While Muslim holy periods like Ramadan shift depending upon the calendar, Jewish religious times have a more structured base, says Marsha Rosenblit, professor of Jewish studies at the University of Maryland College Park.
“Ancient Israelites who developed the calendar . . . didn’t like the idea of having the festival moved around,” she says. “Passover is a spring holiday.”
The Jewish calendar is the official calendar of the Jewish faith and of Israel, she says. It begins with the supposed date of creation, about 3760 years and three months before Christ’s birth.
According to the Hebrew calendar, the year 2002 is considered 5762.
The Hebrew year’s 12 months are Tishri, Heshvan, Kislev, Tebet, Shebat, Adar, Nisan, Iyar, Sivan, Tammuz, Ab and Elul, which are alternately 30 and 29 days.
Days of the week are given numeral titles, except for the seventh day, known as the Sabbath.
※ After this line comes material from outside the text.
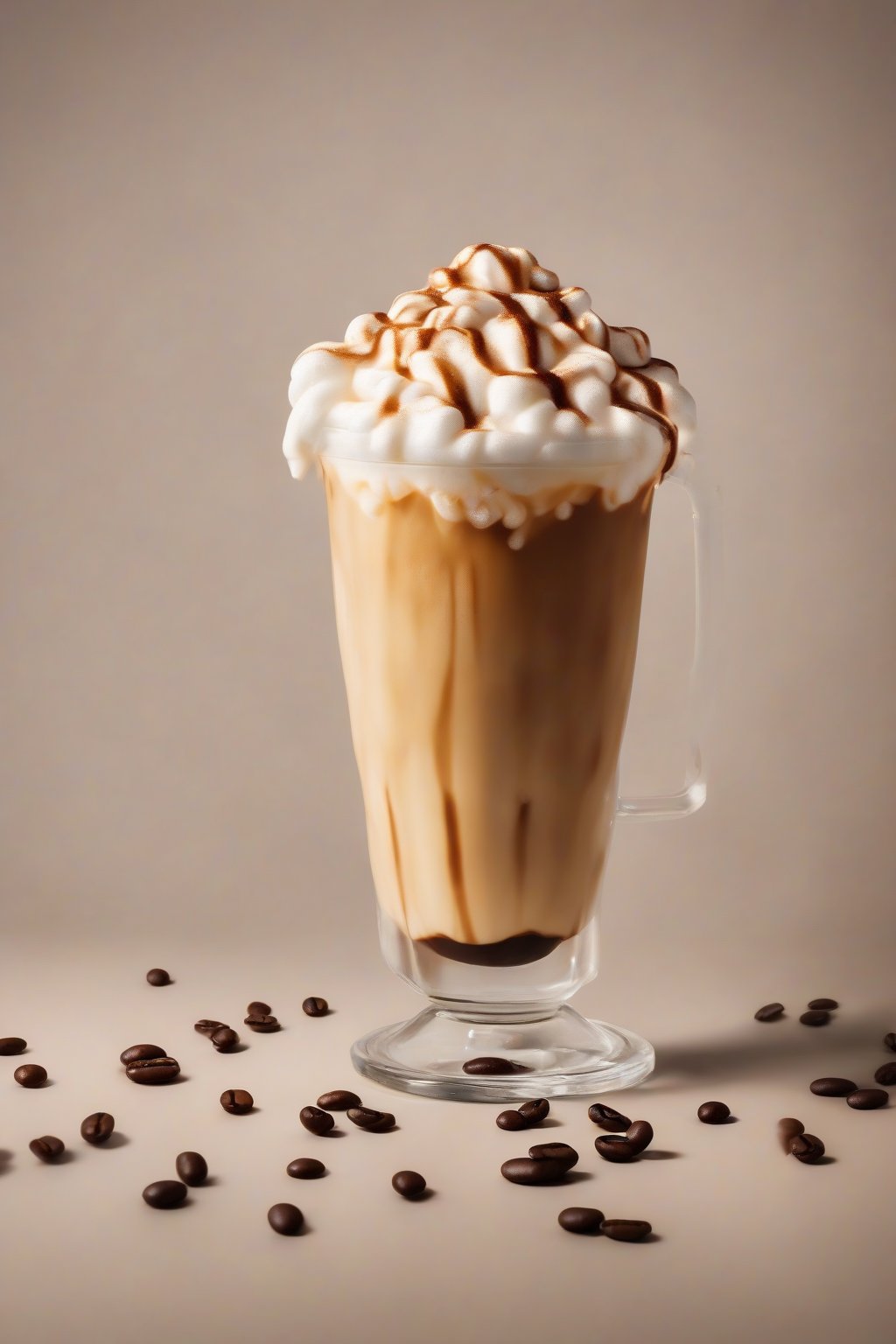 A high-resolution photo of vanilla cold foam iced coffee with thick foam layer and beans scattered on top, under soft lighting.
Days range from sunset to sunset, with the Sabbath beginning at sunset Friday and ending at sunset Saturday.
Seven times during every 19-year period, an extra 29-day month, called Veadar, is inserted between Adar and Nisan to balance out the calendar. During those times, Adar has 30, not 29 days.
With the Chinese calendar, years were originally measured in cycles of 60, with 2000 being the 17th year of the 78th cycle. The 60-year cycles grew less important over time, says David Pankenier, professor of Chinese at Lehigh University in Bethlehem, Pa. Instead, cycles were sometimes measured casually by the length of an emperor’s reign.
The Chinese calendar is a lunisolar model, meaning the months are based on the lunar cycle and leap months are added sporadically to keep it aligned with the solar cycle.
“Over 19 years, an intercalation of seven additional months [is made] to get solar years and lunar year to closely coincide,” Mr. Pankenier says. A true lunar calendar does not include leap months.
That tinkering affects the start of the calendar’s new year.
Chinese New Year typically falls between Jan. 21 and Feb. 21, 45 days after the winter solstice which always falls in the 11th month.
Due to gaps made by lunar calendars, the new year falls about 11 days earlier each year. If that makes the new year begin before Jan. 21, a leap month is installed to push it back into the accepted zone.
Unlike the Muslim calendar, the Chinese model isn’t a strictly lunar construct.
Other global calendars include Indonesian, Tibetan, Indian, Aztec and Mayan. The latter included 18 20-day months, known as vinals.